With the help of intensive and interactive therapy at age seven, I gradually began to speak in school. On the first day of high school, I witnessed how far I had come. Full of nerves, I walked into my freshman homeroom. It was completely and utterly silent. You could hear a pin drop in the room. I sat in an empty seat next to a girl whom I had never met before. When I sat down, we made eye contact and I whispered "Hi." Her face lit up and she murmured, "Hey, I'm Julie." We continued talking until homeroom was over. Our conversation was the only indication of life in the room. Somehow, I put my voice to use that day when everyone else remained silent with the first-day-of-high-school jitters.
Through my struggles with communicating, I learned how important it is to be heard and understood. I recognized that language, whether spoken aloud or written on a T-shirt, was powerful. My struggles have sensitized me to people who are shy. If I see a person sitting alone in a room, the extroverted side of me takes over and I go to introduce myself. Nevertheless, there are times when I feel like that silent five-year-old girl again. Specifically, the day I was forced to hide the shirt that expressed my views, which some found controversial. Like a child hiding under a blanket, I hid under the blanket of mutism.

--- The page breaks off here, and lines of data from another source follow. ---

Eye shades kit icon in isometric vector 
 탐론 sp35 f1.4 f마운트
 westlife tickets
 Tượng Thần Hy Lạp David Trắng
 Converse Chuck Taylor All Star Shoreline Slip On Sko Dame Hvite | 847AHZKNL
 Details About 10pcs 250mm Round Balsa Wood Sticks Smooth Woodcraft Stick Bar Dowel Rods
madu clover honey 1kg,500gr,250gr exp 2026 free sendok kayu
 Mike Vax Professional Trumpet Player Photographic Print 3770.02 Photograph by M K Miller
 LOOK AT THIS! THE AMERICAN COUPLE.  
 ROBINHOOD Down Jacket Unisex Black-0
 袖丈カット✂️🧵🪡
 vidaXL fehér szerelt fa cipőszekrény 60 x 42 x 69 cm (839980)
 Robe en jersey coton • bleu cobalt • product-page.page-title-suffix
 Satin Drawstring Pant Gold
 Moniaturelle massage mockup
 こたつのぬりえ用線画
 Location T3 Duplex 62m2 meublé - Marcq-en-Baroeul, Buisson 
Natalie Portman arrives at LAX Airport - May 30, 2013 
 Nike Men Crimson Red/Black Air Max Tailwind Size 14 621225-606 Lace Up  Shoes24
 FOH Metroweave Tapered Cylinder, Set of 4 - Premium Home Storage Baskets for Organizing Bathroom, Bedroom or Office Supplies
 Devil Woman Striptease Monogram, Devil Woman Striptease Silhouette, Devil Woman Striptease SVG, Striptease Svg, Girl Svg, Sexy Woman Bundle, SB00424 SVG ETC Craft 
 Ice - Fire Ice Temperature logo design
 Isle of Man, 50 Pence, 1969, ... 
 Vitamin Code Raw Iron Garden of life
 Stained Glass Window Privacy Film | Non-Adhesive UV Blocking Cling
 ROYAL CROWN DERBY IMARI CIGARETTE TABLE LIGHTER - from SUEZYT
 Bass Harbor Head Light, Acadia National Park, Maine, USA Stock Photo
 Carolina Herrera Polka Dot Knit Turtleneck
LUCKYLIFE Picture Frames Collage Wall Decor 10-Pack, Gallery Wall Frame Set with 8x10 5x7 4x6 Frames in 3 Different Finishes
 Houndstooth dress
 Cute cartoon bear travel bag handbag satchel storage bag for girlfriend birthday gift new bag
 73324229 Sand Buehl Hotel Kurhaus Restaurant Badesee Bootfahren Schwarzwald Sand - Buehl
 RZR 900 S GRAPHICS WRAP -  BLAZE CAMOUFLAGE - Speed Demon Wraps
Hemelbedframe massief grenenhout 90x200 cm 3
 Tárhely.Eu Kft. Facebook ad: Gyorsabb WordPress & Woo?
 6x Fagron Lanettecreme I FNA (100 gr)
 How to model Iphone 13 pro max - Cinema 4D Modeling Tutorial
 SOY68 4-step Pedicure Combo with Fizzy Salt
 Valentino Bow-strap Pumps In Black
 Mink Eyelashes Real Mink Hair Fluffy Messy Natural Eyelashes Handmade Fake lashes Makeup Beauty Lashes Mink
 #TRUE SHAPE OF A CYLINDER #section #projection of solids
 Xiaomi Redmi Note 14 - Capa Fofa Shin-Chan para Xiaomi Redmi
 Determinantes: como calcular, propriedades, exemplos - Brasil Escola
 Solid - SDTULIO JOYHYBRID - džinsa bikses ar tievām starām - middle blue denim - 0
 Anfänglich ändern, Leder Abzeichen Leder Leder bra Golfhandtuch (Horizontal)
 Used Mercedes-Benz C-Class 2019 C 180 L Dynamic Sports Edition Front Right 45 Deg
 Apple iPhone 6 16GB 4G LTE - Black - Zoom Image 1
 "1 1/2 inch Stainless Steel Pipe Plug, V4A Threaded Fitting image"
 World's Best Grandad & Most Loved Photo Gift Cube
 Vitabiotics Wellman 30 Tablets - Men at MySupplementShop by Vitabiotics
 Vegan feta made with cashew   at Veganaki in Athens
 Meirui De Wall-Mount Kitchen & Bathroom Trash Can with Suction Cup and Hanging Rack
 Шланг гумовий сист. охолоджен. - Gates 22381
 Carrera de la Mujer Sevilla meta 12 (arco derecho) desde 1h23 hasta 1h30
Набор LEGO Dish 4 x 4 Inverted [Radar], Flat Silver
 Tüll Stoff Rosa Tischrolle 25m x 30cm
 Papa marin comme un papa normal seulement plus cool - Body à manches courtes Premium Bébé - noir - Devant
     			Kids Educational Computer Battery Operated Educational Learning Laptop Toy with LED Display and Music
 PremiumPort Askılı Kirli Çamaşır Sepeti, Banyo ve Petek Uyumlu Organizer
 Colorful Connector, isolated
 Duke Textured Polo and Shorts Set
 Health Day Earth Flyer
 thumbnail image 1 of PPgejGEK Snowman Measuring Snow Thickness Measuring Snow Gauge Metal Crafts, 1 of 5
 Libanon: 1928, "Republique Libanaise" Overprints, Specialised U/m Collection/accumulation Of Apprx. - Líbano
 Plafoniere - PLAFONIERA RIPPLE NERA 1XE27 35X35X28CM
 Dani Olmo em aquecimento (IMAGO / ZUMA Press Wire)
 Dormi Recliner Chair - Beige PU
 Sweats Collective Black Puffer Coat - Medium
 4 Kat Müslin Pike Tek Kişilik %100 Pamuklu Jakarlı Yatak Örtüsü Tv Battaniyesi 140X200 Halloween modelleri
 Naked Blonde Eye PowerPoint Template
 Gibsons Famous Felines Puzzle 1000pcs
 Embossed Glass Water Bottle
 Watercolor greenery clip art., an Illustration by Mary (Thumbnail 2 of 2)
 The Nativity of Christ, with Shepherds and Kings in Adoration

If I could relive that day, I would not let my fear win that battle over the warring tensions inside me. I would refuse to be silent. After my experience with Selective Mutism, I promised myself that I would always have a voice. No matter what, I will be heard. I regret breaking that promise over a shirt that was an expression of my true voice.
Kayla McCloud is a freshman at George Washington University and a 2012 graduate of Union Catholic School High School in Scotch Plains, New Jersey.